Getting the photos will also be a challenge. We’ve all had sick tubes before without any photo proof. Getting the fishing shot is a little easier. All you really need is to have your phone with you on the beach or boat. If no one’s around, they do accept GoPro entries. But that means getting a mouth mount.

Anyway, you can read all about the official rules online, but the photos or vids have to be posted to Instagram and tag #BarrelsNBass with the corresponding sponsors tags.

MICHAEL’S WRATH: As coastal residents who have done our share of not only stressing over spaghetti models but also tearing out wet sheetrock, we pay close attention when storms hit, and Michael was the most powerful storm to have ever hit the Panhandle. The footage coming out of Florida last week was brutal. Accuweather estimated that damage will cost $30 billion. That’s in addition to the $50 billion price tag from Hurricane Flo last month. We’re all feeling for the folks affected.

This was not supposed to be a particularly active season. And if you look at the number of storms, we only had 13. But two of those were massive storms that made landfall in the U.S. The 2018 Accumulated Cyclone Energy, a total of the wind energy of each storm added together for a seasonal total, shows it was no slouch. And it’s not necessarily over.

Each year, we hear more talk about how climate change is affecting the intensity and frequency of storms, and I think this could use some explaining.

Because on the surface, this is a hard one to grasp. The Earth had hurricanes and the U.S. was struck by major storms long before human actions had an effect on the plane’s climate. But you have to look at this through the lens of small changes having big effects in the long term. Scientists are in accord that the earth’s temperature has gone up 1.8 degrees since the Industrial Revolution.

So, what’s the big deal, right. If tomorrow is 1.8 degrees warmer than today, how does that change anything?

It’s small changes over time. Higher temps essentially cook the water at the equator, which is the fuel for hurricanes. They cause more precipitation and can help a storm’s wind speeds. What we’ve seen in recent years is storms that intensify at crazy rates.

So no one is saying that climate change is the specific cause of hurricanes. However, if you have a hurricane over warmer than average water, maybe the winds blow a little harder, maybe the storm surge is greater and maybe it drops more rain than it would have with average water temps. All of those factors contribute to more overall damage from storms. And if you had a tropical storm with winds of 70 mph, it could easily jump up to a hurricane because of climate change.

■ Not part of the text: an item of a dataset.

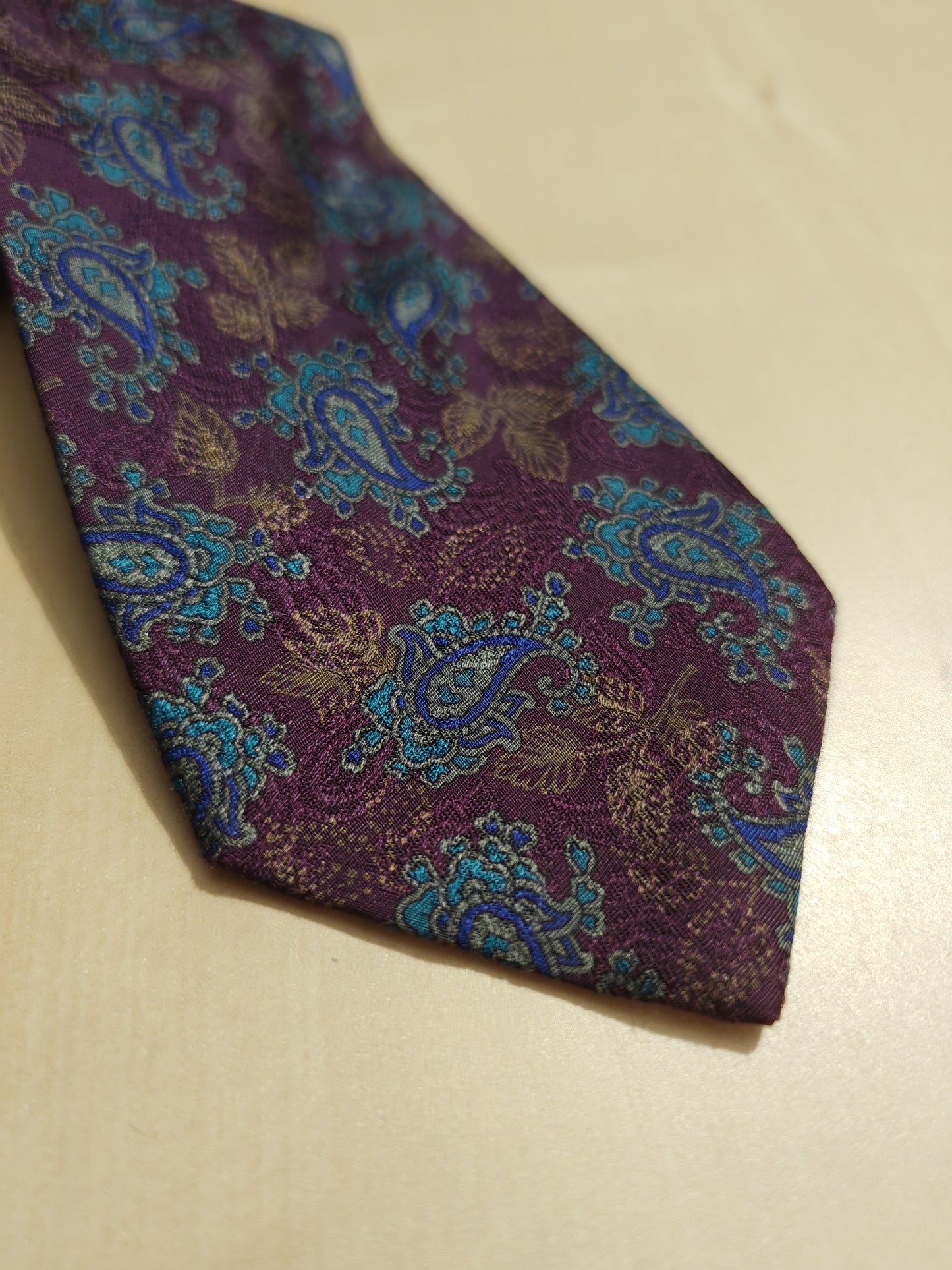 Cravatta Yves Saint Laurent jacquard floreale + paisley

And yet, Americans choose mostly to ignore this. Thanks to junk science and mostly rural residents, we keep electing folks who deny that these changes are happening. Our president called it a hoax. His position seems to wave in the wind after some of these big storms hit, but he has been consistent that he’s not going to lead any change to our carbon emissions because that would be weak and hurt jobs. It’s funny how trying to reduce risk is considered weak.

Ask the people of Bay County, Fla., how work is going this week.

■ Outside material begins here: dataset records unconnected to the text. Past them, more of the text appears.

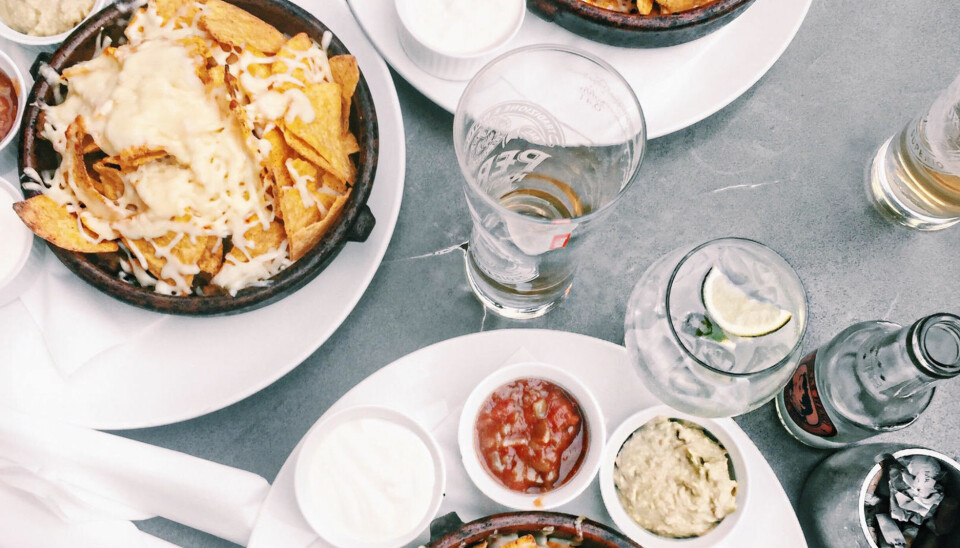 Nachos eller annen taco-relatert mat er et must i helgene! Lag tacoevent hjemme og inviter fine folk over, eller kos deg litt ekstra og dra ut og få det servert.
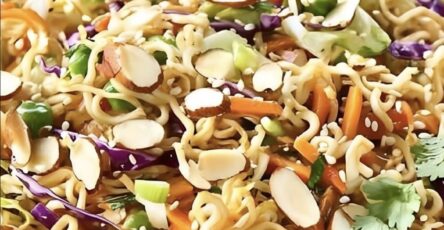 Crunchy 😉 Asian Ramen Noodle Salad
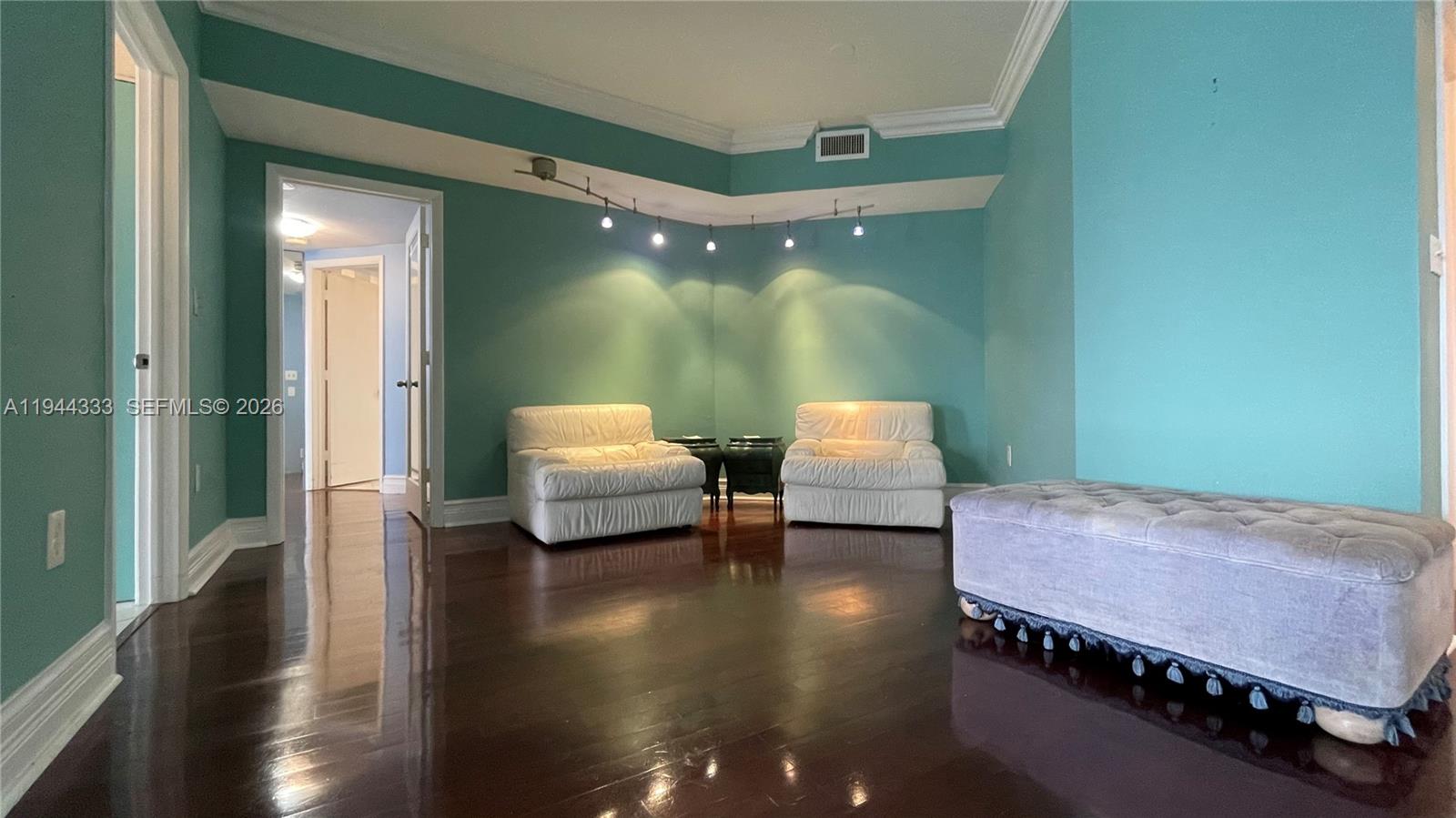 4000 ISL BLVD WILLIAMS IS - Residential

ROCKING ROCKTOBER: It is that time of year when there aren’t too many events in the surf and water category. We’re pretty much just going to be in full pumpkin mode for the next two weeks.

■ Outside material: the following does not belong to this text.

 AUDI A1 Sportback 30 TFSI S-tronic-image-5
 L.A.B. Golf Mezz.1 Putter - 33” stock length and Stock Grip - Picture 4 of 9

Make note, however, “Kissed by God,” the new biopic about the life and death of Andy Irons, will play at South End Surf N’ Paddle on Nov. 24, Small Business Saturday.

Last week Jetty toyed with the idea of holding the Clam Jam in Friday’s epic swell. In the end it was decided that it’s too soon in the season to jump to a weekday. The surf certainly would have been epic, but it would have bummed a lot of folks out to miss the contest. So, once again, we are looking for the next swell. Wives, girlfriends and kids will have to just stay on call. You know you love it. Saturday could have a bump, but as of now, it doesn’t look to promising. The way fall has hit so hard, it’s looking to be more of a hot clam chowder kind of Clam Jam this year than cold clams on the half shell.